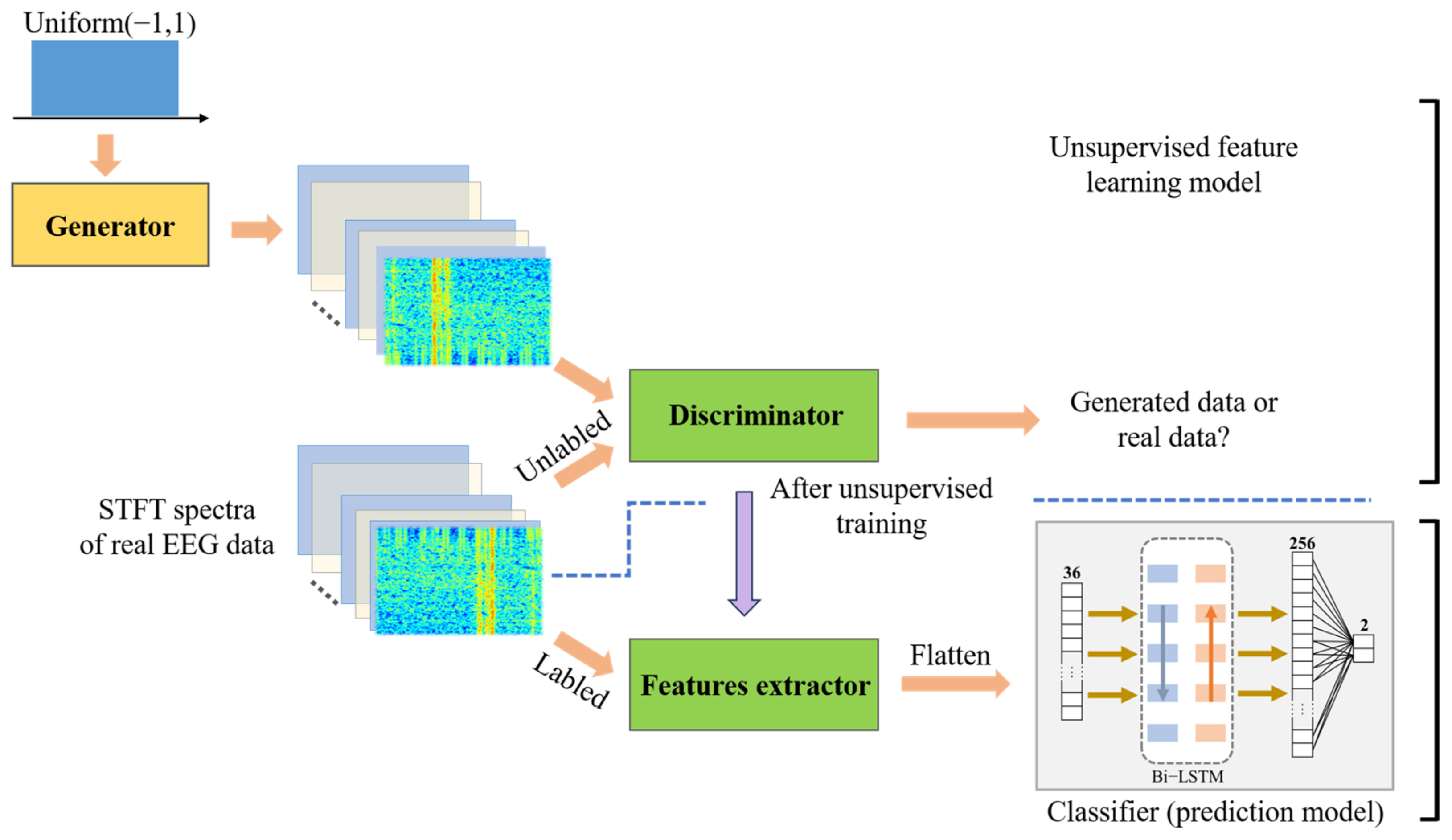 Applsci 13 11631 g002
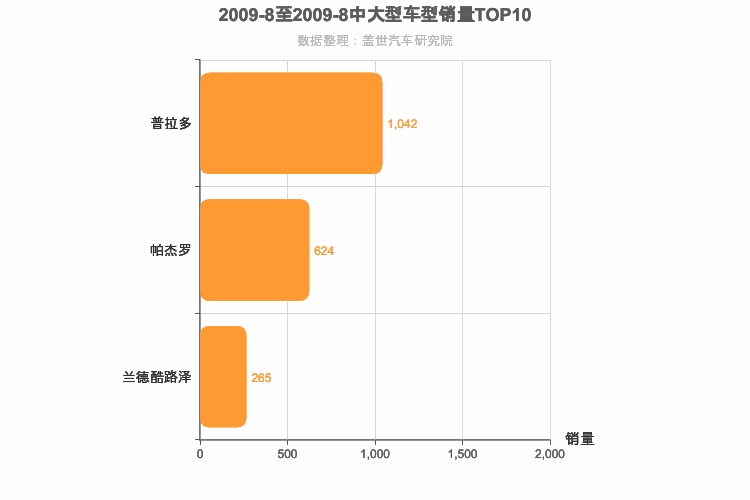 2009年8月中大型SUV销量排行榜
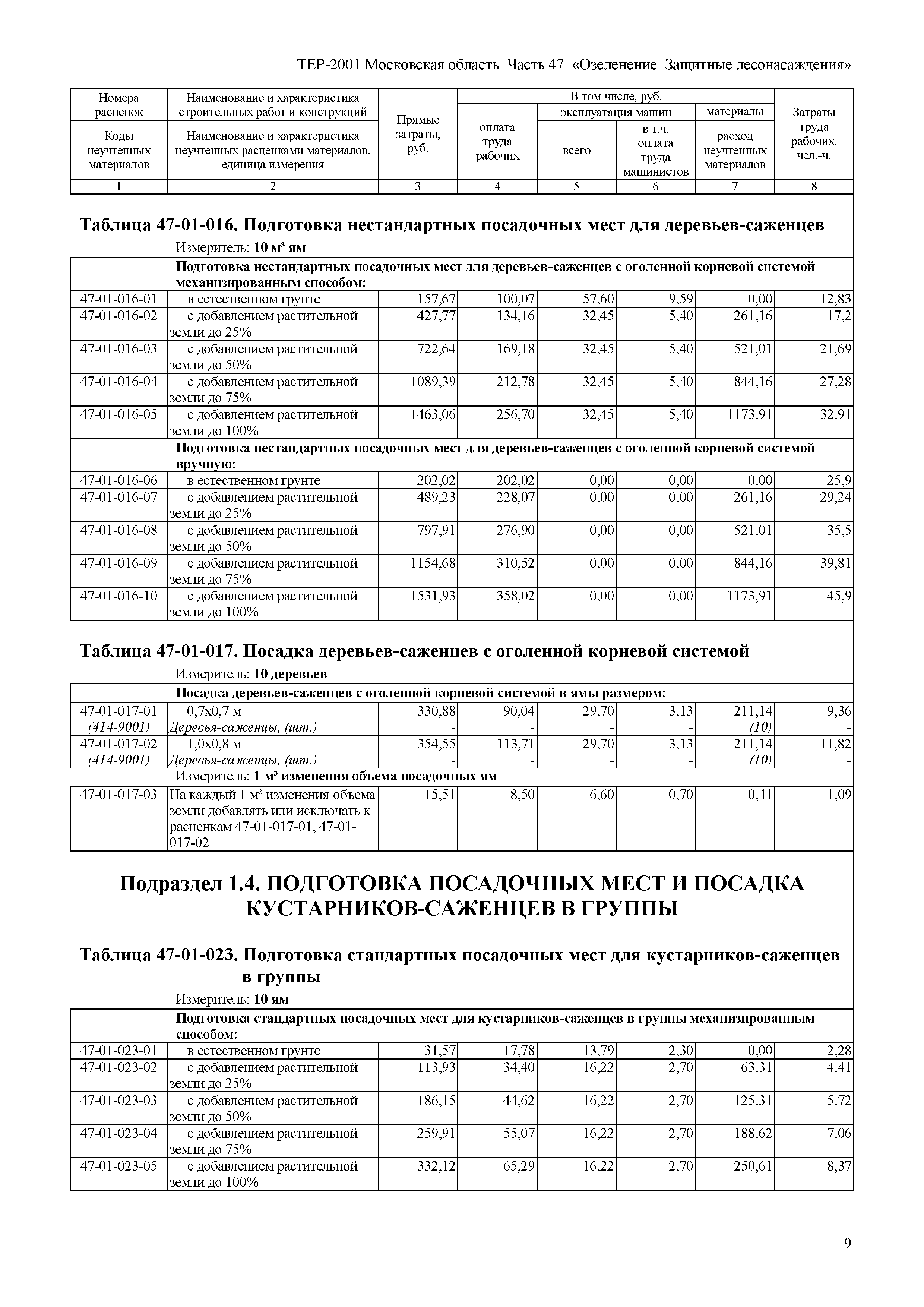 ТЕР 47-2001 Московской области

- - - -

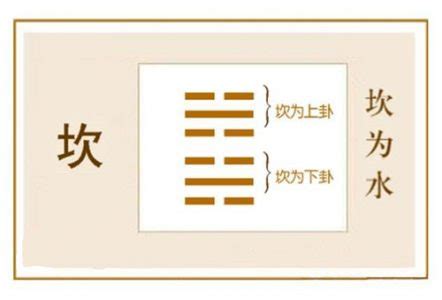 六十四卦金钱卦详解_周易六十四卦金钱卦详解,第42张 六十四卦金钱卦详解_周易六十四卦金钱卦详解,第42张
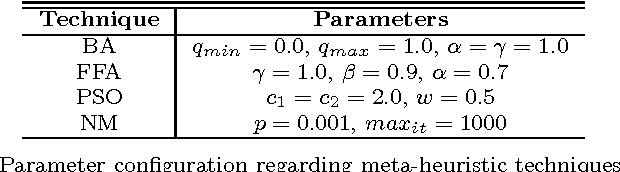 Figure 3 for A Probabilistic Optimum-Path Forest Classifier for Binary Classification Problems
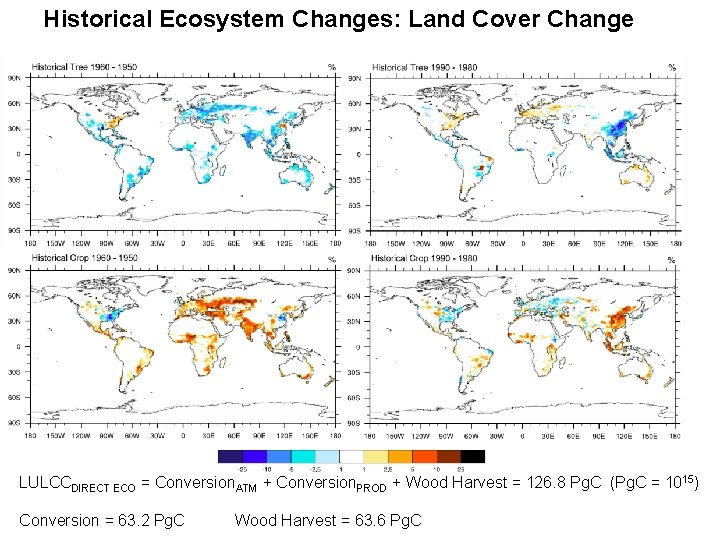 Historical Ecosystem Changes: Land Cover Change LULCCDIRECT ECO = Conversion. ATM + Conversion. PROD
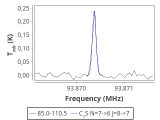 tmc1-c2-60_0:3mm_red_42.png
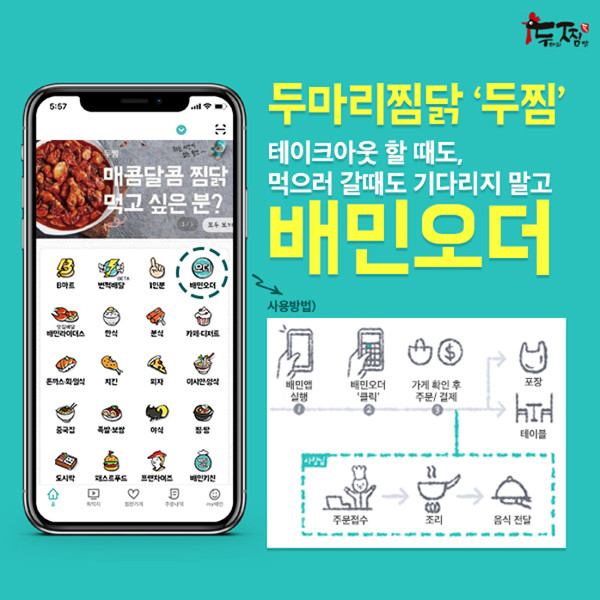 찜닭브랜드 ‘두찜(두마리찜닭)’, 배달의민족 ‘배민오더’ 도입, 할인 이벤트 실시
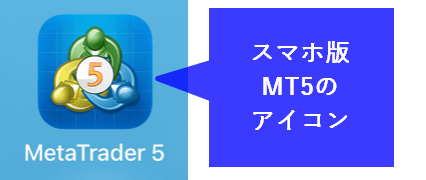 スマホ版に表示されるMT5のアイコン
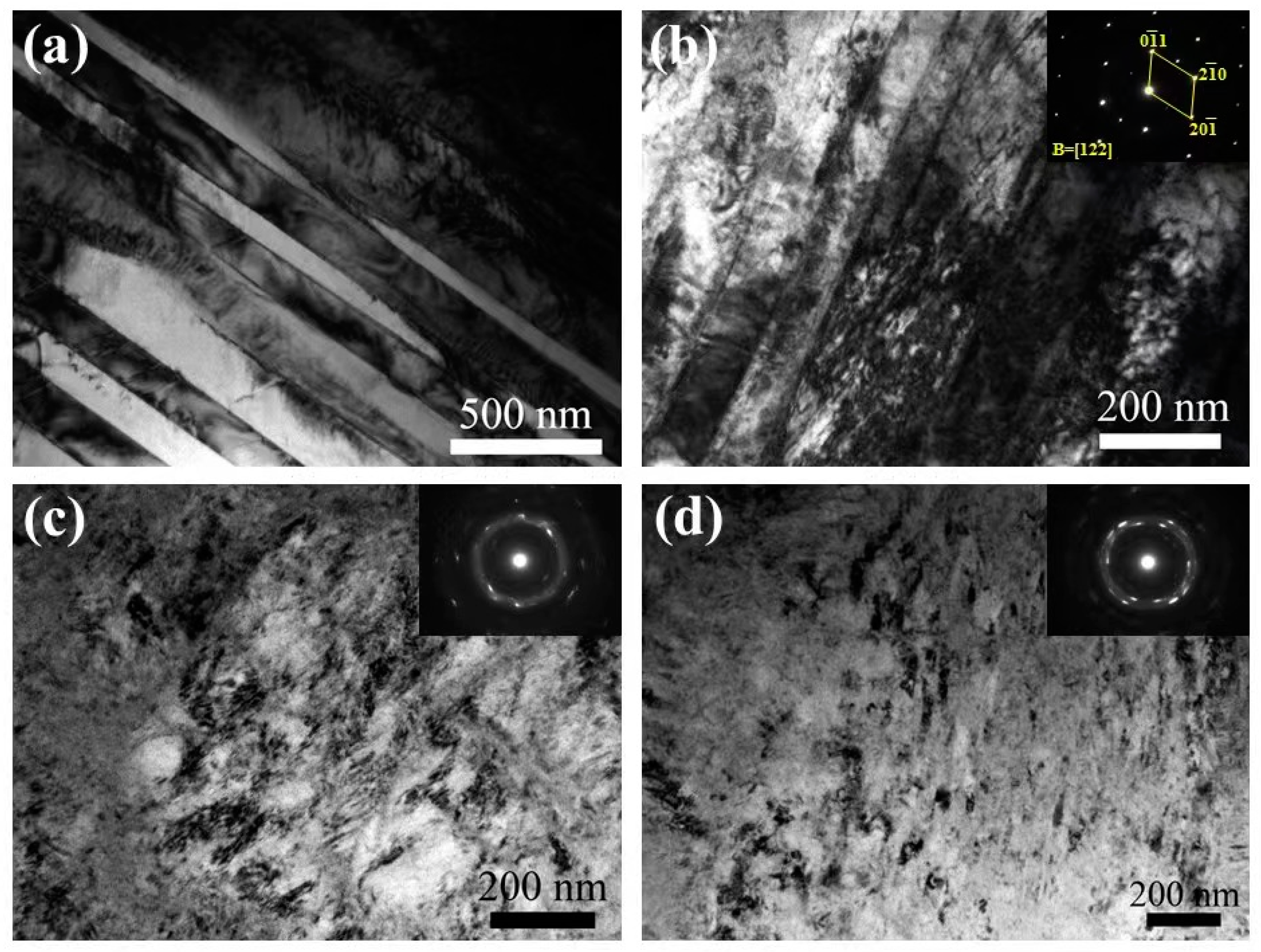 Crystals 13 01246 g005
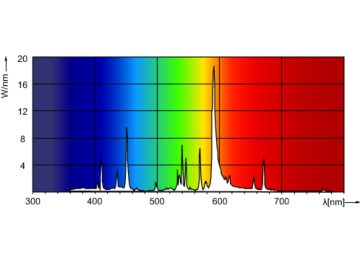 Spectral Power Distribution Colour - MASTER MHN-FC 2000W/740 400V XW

- - - -

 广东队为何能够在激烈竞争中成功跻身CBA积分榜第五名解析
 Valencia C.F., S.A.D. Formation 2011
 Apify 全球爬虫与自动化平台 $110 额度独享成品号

- - - -

Work order
Look above for the line with "Crystals 13 01246 g005" and the line with "Spectral Power Distribution", then restate exactly those two lines and all lines between them, with no pictures.

Finished task
 Crystals 13 01246 g005
 Spectral Power Distribution Colour - MASTER MHN-FC 2000W/740 400V XW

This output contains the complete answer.